In the growth mindset, brains are plastic and can always grow and improve. The role of grades is to give actionable feedback to students, to give them information on how they learn as compared to a standard and what they have to do to improve their individual performance and learning. We have been challenged to increase our formative assessment (ongoing feedback for learning) and to make sure our summative assessments actually measure what kids know and can do instead of other behaviors. Practically this means we have been asking teachers to look at developing rubrics, to examine the types and grading of homework and other practice work, to look at policies around late work and “re-dos” and to look at how we can make a grade an accurate measure and communication of learning. Our teachers have been having great discussions on how a focus on learning is changing their teaching.

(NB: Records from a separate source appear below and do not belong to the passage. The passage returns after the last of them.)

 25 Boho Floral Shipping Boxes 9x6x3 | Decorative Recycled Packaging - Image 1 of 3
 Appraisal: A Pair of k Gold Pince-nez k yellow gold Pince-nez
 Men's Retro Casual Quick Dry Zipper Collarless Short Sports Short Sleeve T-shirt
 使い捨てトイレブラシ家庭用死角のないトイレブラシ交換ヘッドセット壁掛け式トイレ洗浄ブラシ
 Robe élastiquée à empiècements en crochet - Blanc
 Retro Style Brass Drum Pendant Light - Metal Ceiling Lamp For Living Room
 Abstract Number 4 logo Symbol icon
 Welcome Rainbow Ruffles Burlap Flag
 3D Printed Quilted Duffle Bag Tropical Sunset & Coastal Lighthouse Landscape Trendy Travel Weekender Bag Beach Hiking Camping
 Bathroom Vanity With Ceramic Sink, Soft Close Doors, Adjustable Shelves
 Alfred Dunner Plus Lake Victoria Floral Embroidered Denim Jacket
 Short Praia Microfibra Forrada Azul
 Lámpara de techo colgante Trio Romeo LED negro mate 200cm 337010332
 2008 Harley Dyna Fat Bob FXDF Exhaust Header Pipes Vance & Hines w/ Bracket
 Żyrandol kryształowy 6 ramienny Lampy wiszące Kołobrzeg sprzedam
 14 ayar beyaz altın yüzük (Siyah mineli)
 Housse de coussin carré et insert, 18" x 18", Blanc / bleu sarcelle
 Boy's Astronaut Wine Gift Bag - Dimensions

Care for Each Person Every Day
Schools are not just about becoming smart, but also about becoming good. People cannot learn if they are hungry, anxious, or worried about other things. We need to make school a safe haven both physically and emotionally for our staff and students so that they can focus on teaching and learning. Practically, this means we continue our focus on school safety and on preventing bullying and harassment by having students become invested in their communities as a place they want to be and a place they want to make better. We invest a lot in co-curricular activities and in student groups to try to make sure every student feels a sense of belonging. We look for students who may need extra help and encouragement to succeed. Learning is ultimately about human relationships and an old saying from my teaching days still rings true: Students don’t care how much you know, until they know how much you care. Caring is an essential ingredient to our practice.
Teach to Touch the Future
This is borrowed from Christa McAuliffe, who does have some Bow roots. We need to educate students for their future, not our past. We need to give them tools that will evolve for jobs and careers that do not even exist yet. We need to be future minded and not rely on what worked for us or TTWWADI (that’s the way we’ve always done it). Practically, we are looking at how going to Chromebooks in more of a 1:1 environment may lead us to a flipped classroom. The traditional classroom has content delivered from experts in class and students at home doing practice, but the flipped classroom has students getting content from technology rich sources at home and coming in to do practice and processing under the teacher’s supervision. We are looking at the role of individual work and effort and how perhaps we need to help students work in teams to create original products. The work place of the future might involve more collaboration on Google Documents and less of an individual producing paper. How can we help our students prepare for that future? How do our libraries move toward becoming learning commons and how do we restructure study halls to make them more supportive if differentiated learning?